(Items listed in a dataset)
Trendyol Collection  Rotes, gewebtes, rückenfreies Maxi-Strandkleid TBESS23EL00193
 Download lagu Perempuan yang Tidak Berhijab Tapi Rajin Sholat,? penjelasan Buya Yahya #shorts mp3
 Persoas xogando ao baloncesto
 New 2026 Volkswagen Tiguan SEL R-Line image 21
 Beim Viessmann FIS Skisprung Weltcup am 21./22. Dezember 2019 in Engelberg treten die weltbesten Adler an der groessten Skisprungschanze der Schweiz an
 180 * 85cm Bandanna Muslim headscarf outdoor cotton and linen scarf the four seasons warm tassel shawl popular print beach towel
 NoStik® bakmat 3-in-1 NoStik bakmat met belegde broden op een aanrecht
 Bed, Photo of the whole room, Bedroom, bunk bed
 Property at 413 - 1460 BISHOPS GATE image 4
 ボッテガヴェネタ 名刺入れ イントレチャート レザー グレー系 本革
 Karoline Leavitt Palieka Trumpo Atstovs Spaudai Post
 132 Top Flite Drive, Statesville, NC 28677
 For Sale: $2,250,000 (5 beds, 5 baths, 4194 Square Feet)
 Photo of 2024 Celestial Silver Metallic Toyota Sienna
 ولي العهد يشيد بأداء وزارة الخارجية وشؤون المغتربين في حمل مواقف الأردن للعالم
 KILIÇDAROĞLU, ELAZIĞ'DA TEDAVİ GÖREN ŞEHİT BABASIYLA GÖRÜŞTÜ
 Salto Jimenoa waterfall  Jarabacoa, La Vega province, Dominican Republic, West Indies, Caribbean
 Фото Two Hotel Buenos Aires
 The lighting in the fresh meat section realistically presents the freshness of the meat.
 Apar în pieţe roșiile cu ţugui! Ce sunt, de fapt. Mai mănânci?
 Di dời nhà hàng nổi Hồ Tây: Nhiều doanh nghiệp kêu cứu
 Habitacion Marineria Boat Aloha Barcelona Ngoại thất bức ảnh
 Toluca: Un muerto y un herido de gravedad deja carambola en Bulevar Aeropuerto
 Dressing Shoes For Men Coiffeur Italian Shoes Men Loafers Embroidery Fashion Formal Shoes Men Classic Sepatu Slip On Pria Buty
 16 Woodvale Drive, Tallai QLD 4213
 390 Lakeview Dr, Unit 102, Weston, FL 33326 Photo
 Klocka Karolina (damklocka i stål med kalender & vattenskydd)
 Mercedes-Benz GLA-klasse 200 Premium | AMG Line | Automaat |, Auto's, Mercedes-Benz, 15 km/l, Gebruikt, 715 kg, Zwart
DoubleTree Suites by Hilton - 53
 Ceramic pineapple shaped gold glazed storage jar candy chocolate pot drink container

◆ **Exercise goal**: Transcribe the data exactly.

◆ **Response**:
Trendyol Collection  Rotes, gewebtes, rückenfreies Maxi-Strandkleid TBESS23EL00193
 Download lagu Perempuan yang Tidak Berhijab Tapi Rajin Sholat,? penjelasan Buya Yahya #shorts mp3
 Persoas xogando ao baloncesto
 New 2026 Volkswagen Tiguan SEL R-Line image 21
 Beim Viessmann FIS Skisprung Weltcup am 21./22. Dezember 2019 in Engelberg treten die weltbesten Adler an der groessten Skisprungschanze der Schweiz an
 180 * 85cm Bandanna Muslim headscarf outdoor cotton and linen scarf the four seasons warm tassel shawl popular print beach towel
 NoStik® bakmat 3-in-1 NoStik bakmat met belegde broden op een aanrecht
 Bed, Photo of the whole room, Bedroom, bunk bed
 Property at 413 - 1460 BISHOPS GATE image 4
 ボッテガヴェネタ 名刺入れ イントレチャート レザー グレー系 本革
 Karoline Leavitt Palieka Trumpo Atstovs Spaudai Post
 132 Top Flite Drive, Statesville, NC 28677
 For Sale: $2,250,000 (5 beds, 5 baths, 4194 Square Feet)
 Photo of 2024 Celestial Silver Metallic Toyota Sienna
 ولي العهد يشيد بأداء وزارة الخارجية وشؤون المغتربين في حمل مواقف الأردن للعالم
 KILIÇDAROĞLU, ELAZIĞ'DA TEDAVİ GÖREN ŞEHİT BABASIYLA GÖRÜŞTÜ
 Salto Jimenoa waterfall  Jarabacoa, La Vega province, Dominican Republic, West Indies, Caribbean
 Фото Two Hotel Buenos Aires
 The lighting in the fresh meat section realistically presents the freshness of the meat.
 Apar în pieţe roșiile cu ţugui! Ce sunt, de fapt. Mai mănânci?
 Di dời nhà hàng nổi Hồ Tây: Nhiều doanh nghiệp kêu cứu
 Habitacion Marineria Boat Aloha Barcelona Ngoại thất bức ảnh
 Toluca: Un muerto y un herido de gravedad deja carambola en Bulevar Aeropuerto
 Dressing Shoes For Men Coiffeur Italian Shoes Men Loafers Embroidery Fashion Formal Shoes Men Classic Sepatu Slip On Pria Buty
 16 Woodvale Drive, Tallai QLD 4213
 390 Lakeview Dr, Unit 102, Weston, FL 33326 Photo
 Klocka Karolina (damklocka i stål med kalender & vattenskydd)
 Mercedes-Benz GLA-klasse 200 Premium | AMG Line | Automaat |, Auto's, Mercedes-Benz, 15 km/l, Gebruikt, 715 kg, Zwart
DoubleTree Suites by Hilton - 53
 Ceramic pineapple shaped gold glazed storage jar candy chocolate pot drink container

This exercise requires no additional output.